The domestic political situation in the United States seems favorable to the kind of policy shift that would make such constructive action possible. A sizeable bipartisan group of senior U.S. senators has introduced a resolution that invokes the ICC investigation into Ukraine, supports “any investigation into war crimes, crimes against humanity, and systematic human rights abuses levied by President Vladimir Putin” and Russian forces in Ukraine, and specifically encourages the ICC’s members to petition it to undertake such an investigation, as they have done. In announcing the resolution and describing the ICC’s investigation, Sen. Lindsey Graham (R-SC) said, “This is a proper exercise of jurisdiction. This is what the court was created for.”  A bipartisan group of House members has also called for the ICC to prosecute Putin if Russia harms Ukrainian President Zelenskyy.

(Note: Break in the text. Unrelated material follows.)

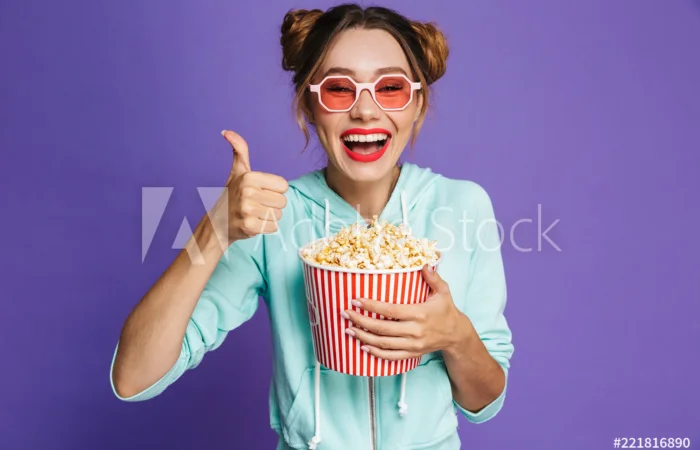 sns 재미있는 사진 모음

The United States played a pioneering role in creating the principles of international justice, though its leadership on that front since Nuremberg has been inconsistent, to say the least. President Biden’s national security team must do more to put the United States in a position to promote justice going forward, in Ukraine and elsewhere. If the United States objects to the ICC’s actions in a situation, it should make its arguments on the merits, not based on a sweeping jurisdictional view that contradicts the ICC’s treaty, lacks support from even close U.S. allies, and ties the U.S. government’s own hands. If an international tribunal is the best option for justice for the victims of atrocities, U.S. support should not depend on the consent of the perpetrators.

Photo credit: Secretary of State Antony J. Blinken participates remotely in the Sunday morning talk shows from Chisinau, Moldova on March 6, 2022 (State Department photo by Ron Przysucha/Public Domain-DOSFlickr)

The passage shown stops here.